- Work instruction: Write out the listing, please, but only from its first line through the line containing "Modern Wall Mirror", exactly as given and without pictures.
--- Entries supplied Enclosed Below ---
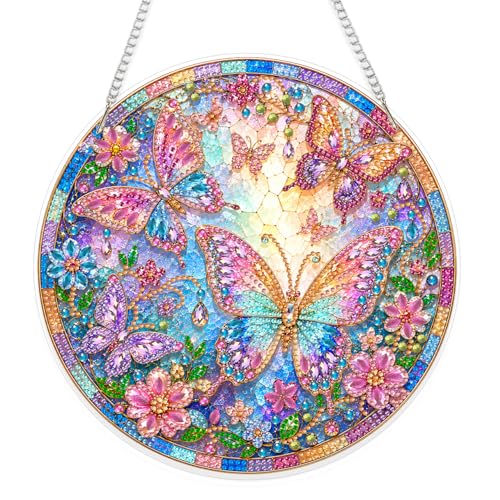 Eiflow Acrylic Diamond Art Hanging Kit for Adults Butterfly, DIY Diamonds Painting Door Hanger Ornament Kit Crystal Diamond Art Painting Wall Window Hanging Pendant - color: Butterflies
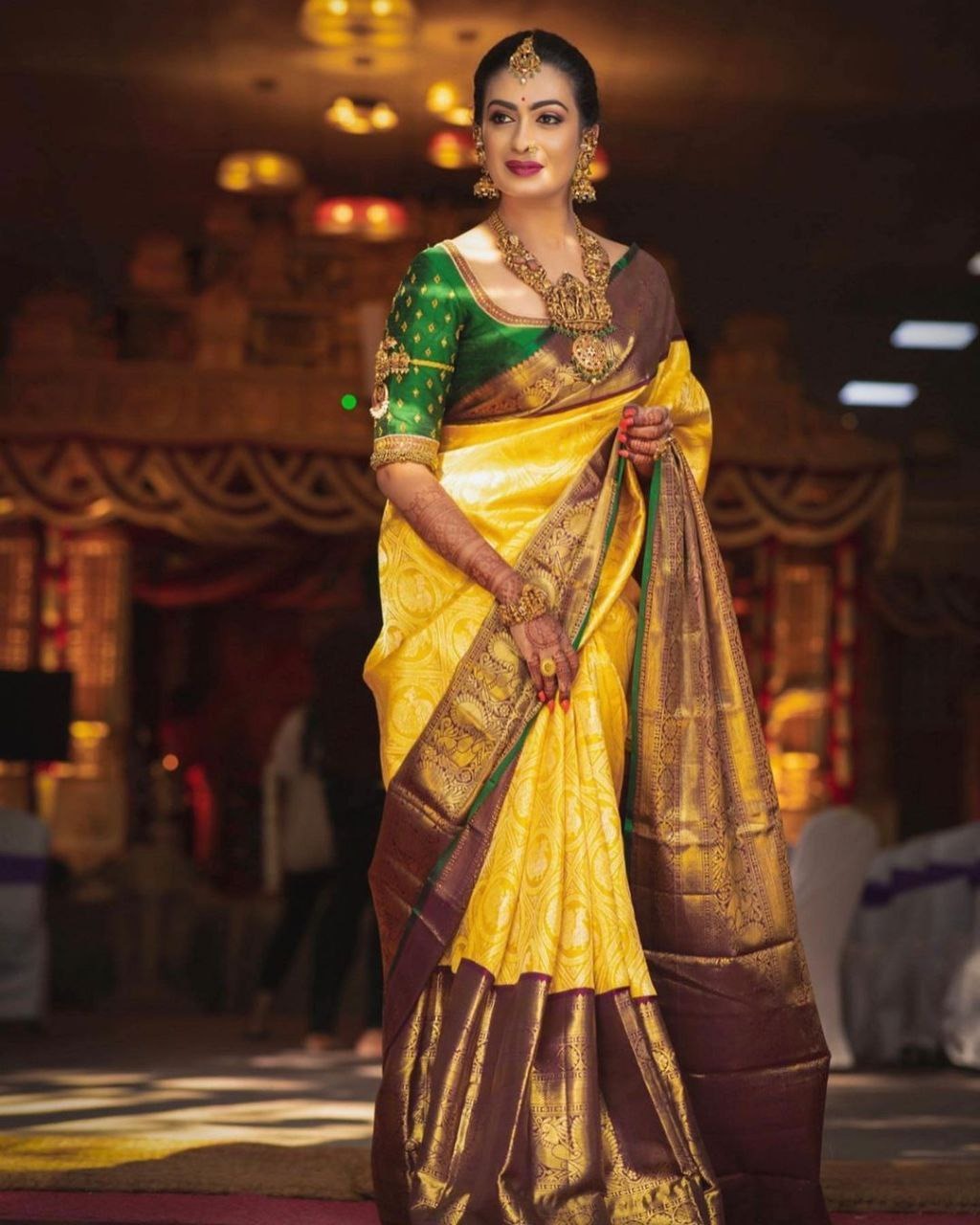 Yellow Bridal Kanchipuram Silk Saree with Brown Zari Pallu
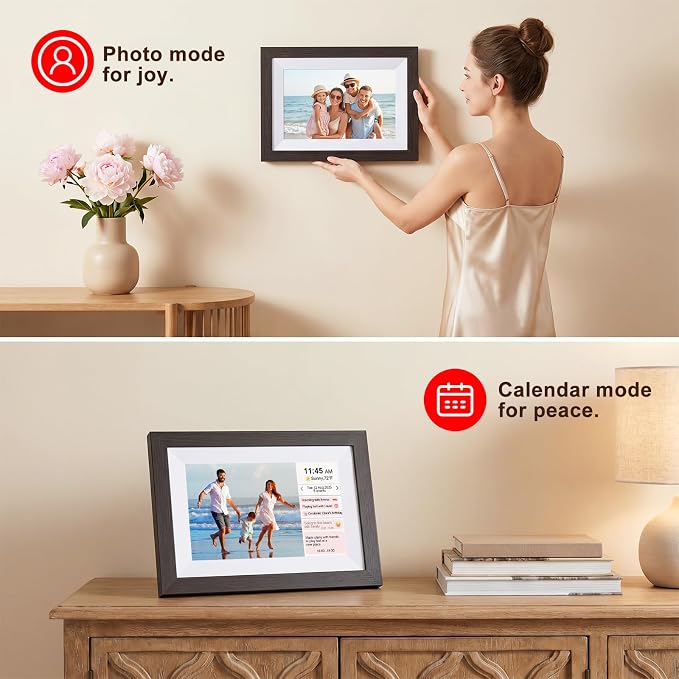 Digital Picture Frame, 10.1" Frameo Digital Frame WiFi with 1280x800 HD IPS Touch Screen, Auto-Rotate, Wall Mountable, Instant Share Photos & Videos from Phone via App, Brown Wood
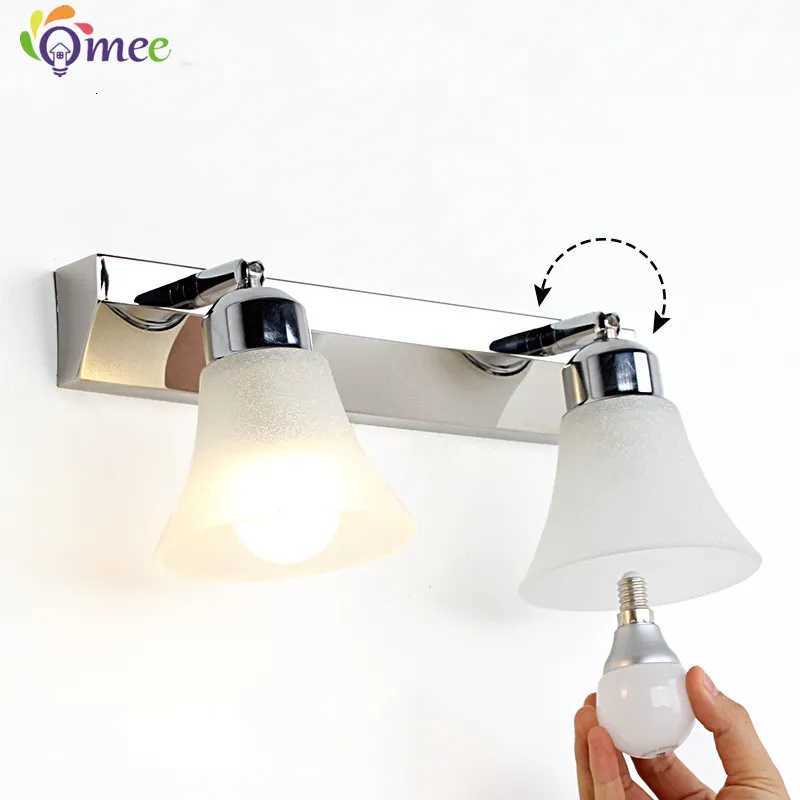 Modern Wall Mirror Light for Bathroom Dressing Room 3/4/5 Lights Silver Wall Lamp Glass Lampshade E27 Indoor Decoration Lighting M251122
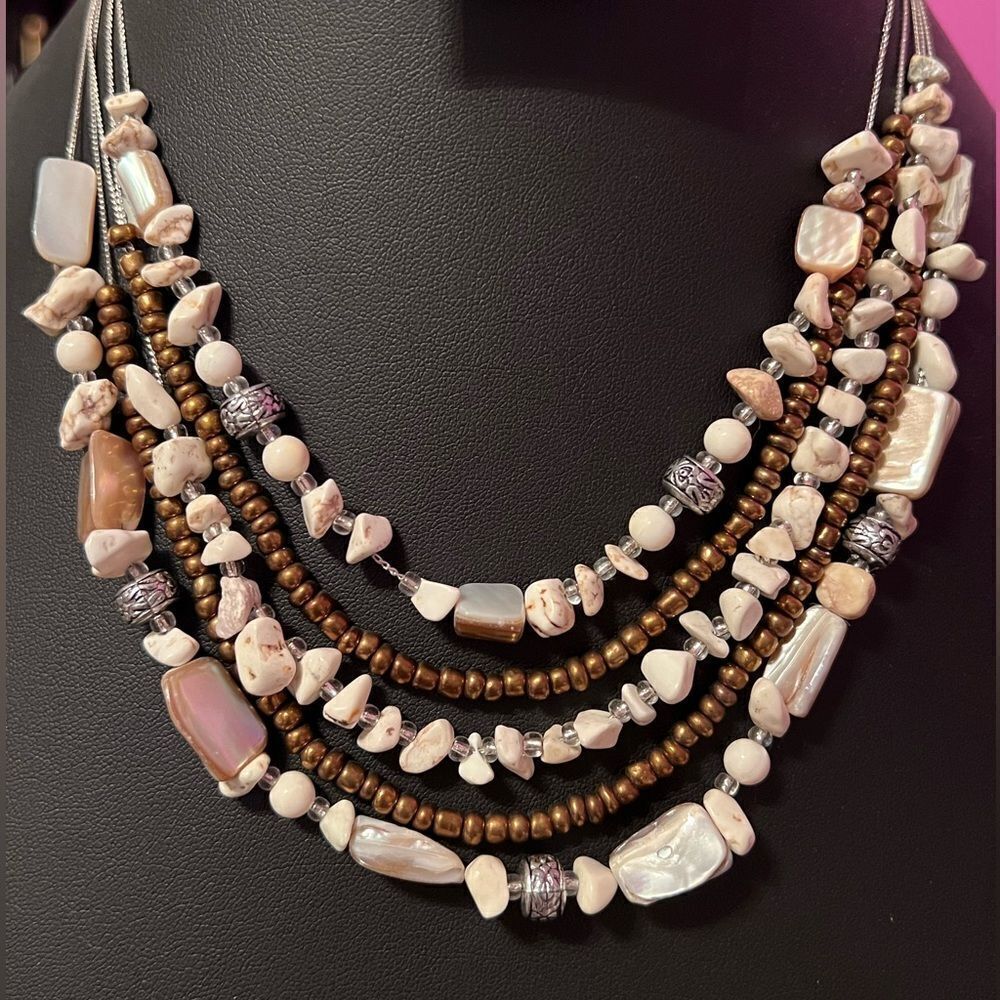 Vintage Genuine Mother Of Pearl And Howlite Silver Tone Multi Layer Necklace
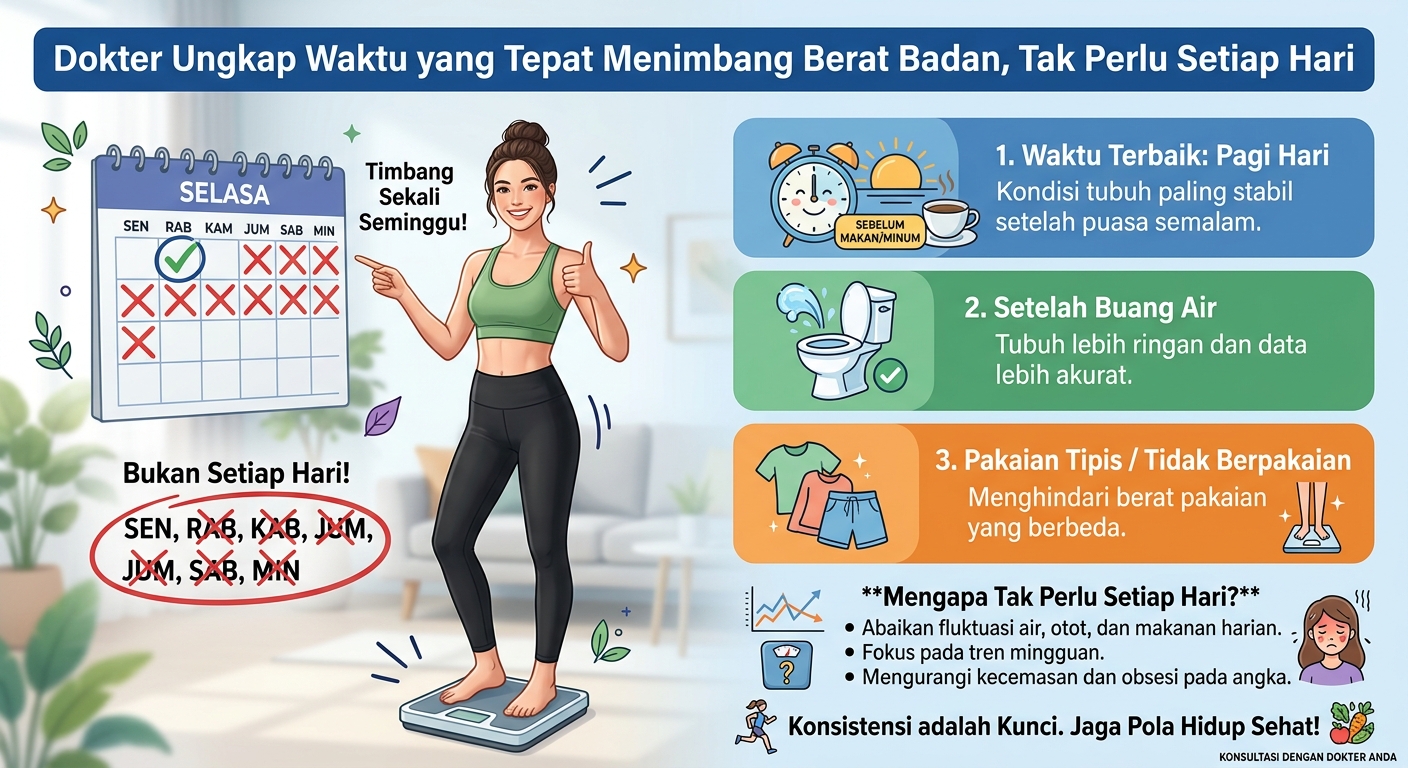 Dokter Ungkap Waktu yang Tepat Menimbang Berat Badan, Tak Perlu Setiap Hari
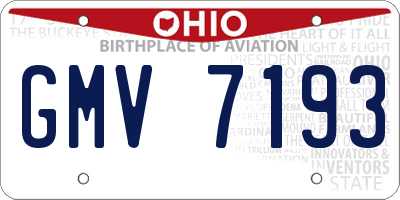 OH license plate GMV7193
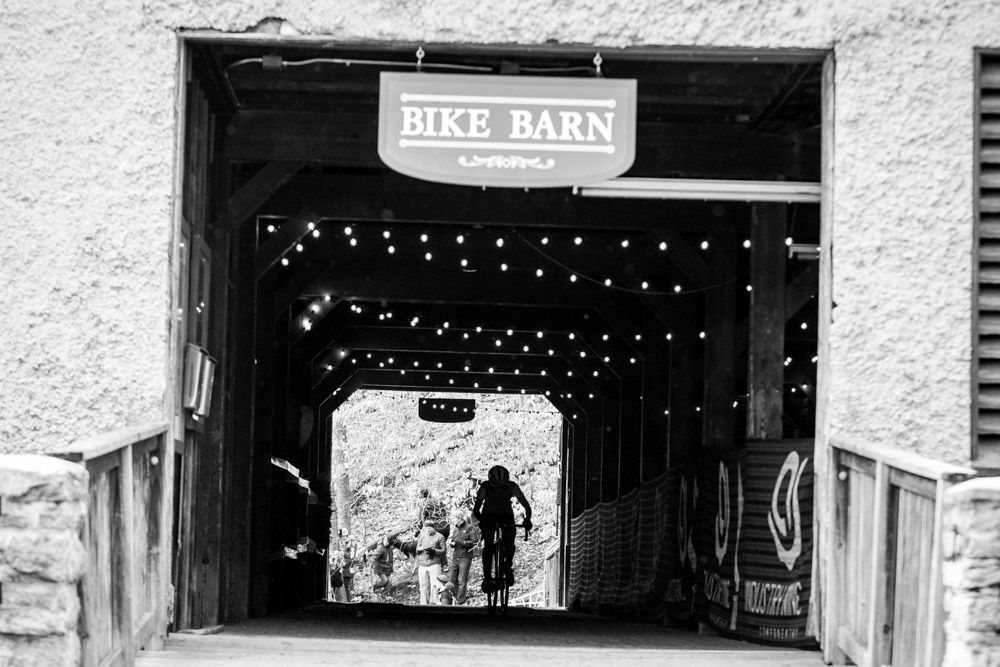 A lone rider makes her way through the Bike Barn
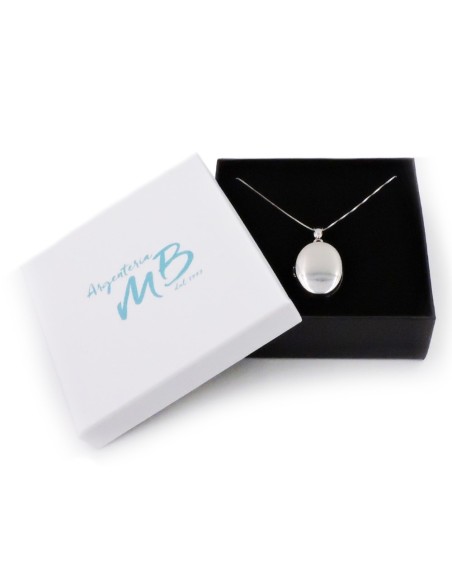 Collana con Ciondolo Portafoto Ovale in Argento 925 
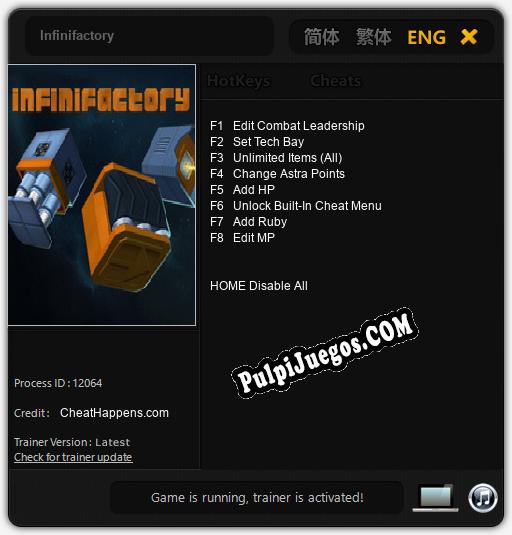 Infinifactory: Trainer +8 [v1.5]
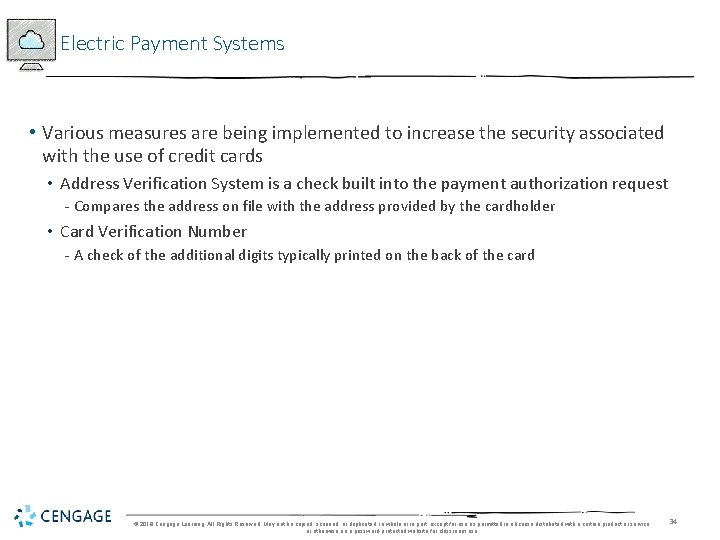 Electric Payment Systems • Various measures are being implemented to increase the security associated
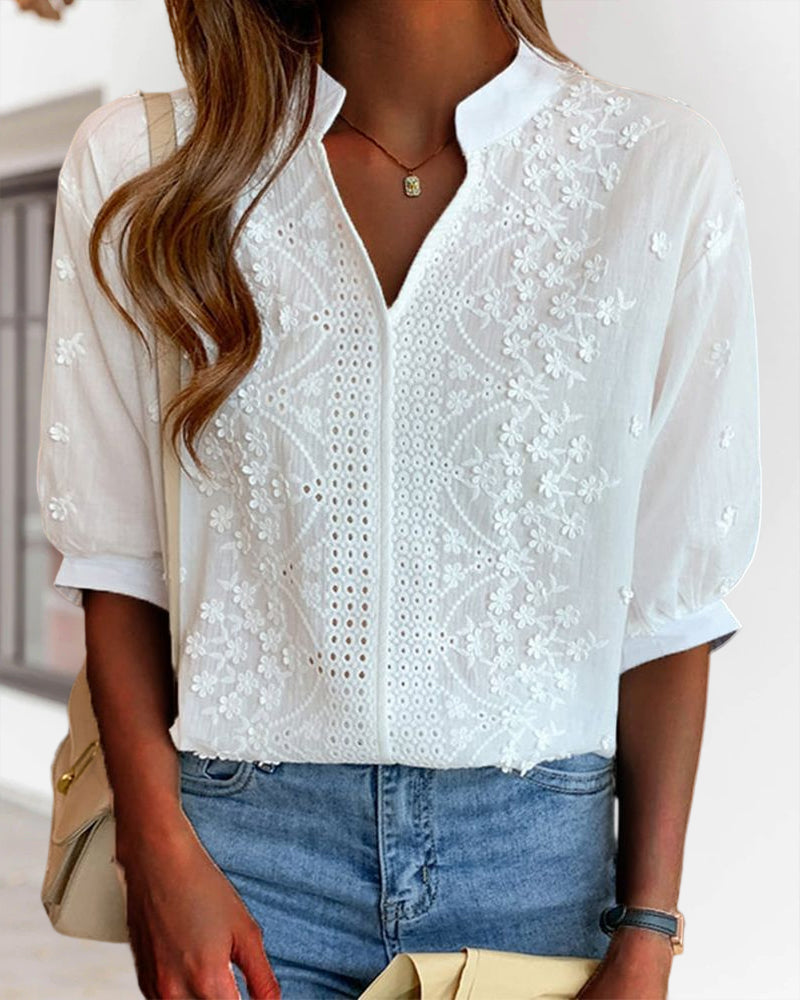Women’s Lightweight V Neck Puff Sleeve Summer Blouse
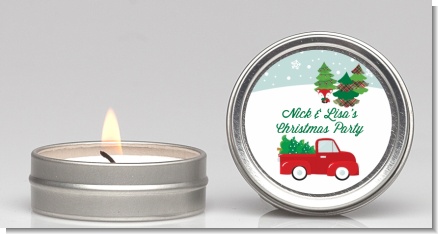 Vintage Red Truck With Tree - Christmas Candle Favors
--- End of Enclosed Entries supplied ---
- Solved exercise:
 Eiflow Acrylic Diamond Art Hanging Kit for Adults Butterfly, DIY Diamonds Painting Door Hanger Ornament Kit Crystal Diamond Art Painting Wall Window Hanging Pendant - color: Butterflies
 Yellow Bridal Kanchipuram Silk Saree with Brown Zari Pallu
 Digital Picture Frame, 10.1" Frameo Digital Frame WiFi with 1280x800 HD IPS Touch Screen, Auto-Rotate, Wall Mountable, Instant Share Photos & Videos from Phone via App, Brown Wood
 Modern Wall Mirror Light for Bathroom Dressing Room 3/4/5 Lights Silver Wall Lamp Glass Lampshade E27 Indoor Decoration Lighting M251122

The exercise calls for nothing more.